Intervention de Didier Migaud

Réunion du mercredi 3 février 2021 à 9h30
Commission des lois constitutionnelles, de la législation et de l'administration générale de la république

Didier Migaud, président de la Haute autorité pour la transparence de la vie publique :

Sur le fondement de la loi du 6 août 2019 de transformation de la fonction publique, la HATVP est compétente pour exercer ce contrôle en collaboration avec les administrations.

Selon la direction générale de l'administration et de la fonction publique, près de 2 500 des 110 000 hauts fonctionnaires de notre pays se trouvent en situation de disponibilité afin d'exercer une activité dans le secteur privé.

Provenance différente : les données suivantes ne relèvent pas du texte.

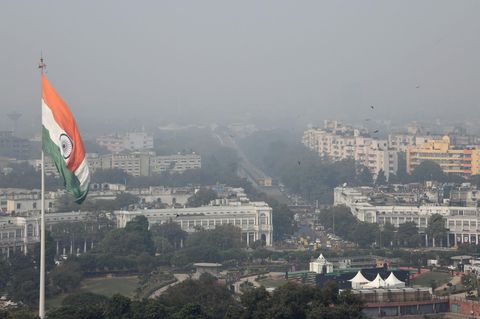 Blick über Indiens Hauptstadt Neu-Delhi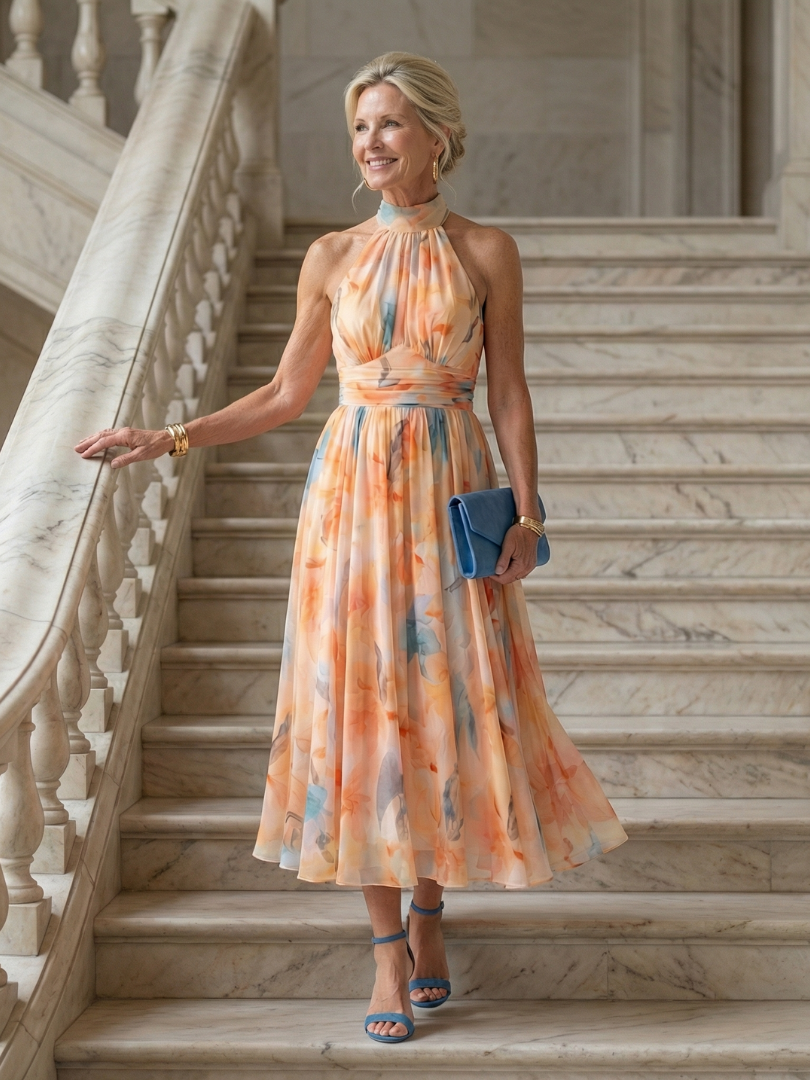 NORIA | Vestido de largo medio con suave escote al cuello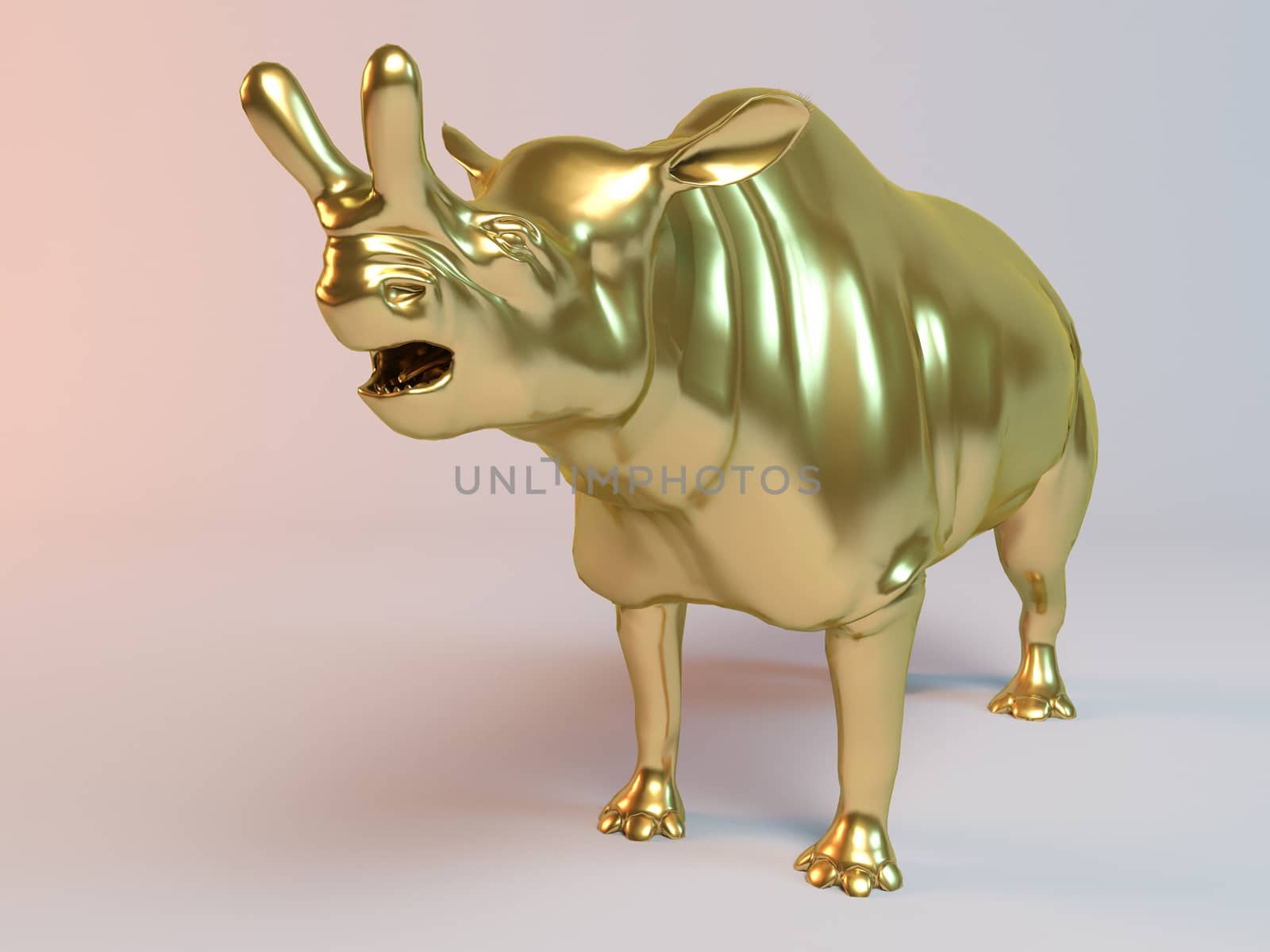 golden 3d animal dino, dinosaur by fares139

Nous intervenons au moment de leur départ de l'administration et de leur retour dans celle-ci afin de neutraliser tout conflit d'intérêts pouvant entraîner une sanction pénale, porter atteinte à l'intégrité des fonctions publiques ou remettre en cause le fonctionnement régulier des services publics.

À ce titre, nous exerçons un contrôle de prénomination, lequel constitue une véritable innovation de la réforme de 2019. Ce premier contrôle consiste à déceler les risques les plus manifestes et demeure restreint aux intérêts détenus par l'exercice des activités privées au cours des trois dernières années. Un second contrôle, plus approfondi, s'effectue à l'occasion de l'examen de la déclaration d'intérêts que le haut fonctionnaire doit déposer dans un délai de deux mois à compter de sa nomination.

Nous effectuons également des contrôles de reconversion professionnelle et de cumul d'activités pour création ou reprise d'entreprise. Ces contrôles s'adressent à une population plus large de hauts fonctionnaires et dont les emplois sont mentionnés à l'article 2 du décret du 20 janvier 2020 relatif au contrôle déontologique de la fonction publique. Cette population s'évalue à près de 20 000 hauts fonctionnaires.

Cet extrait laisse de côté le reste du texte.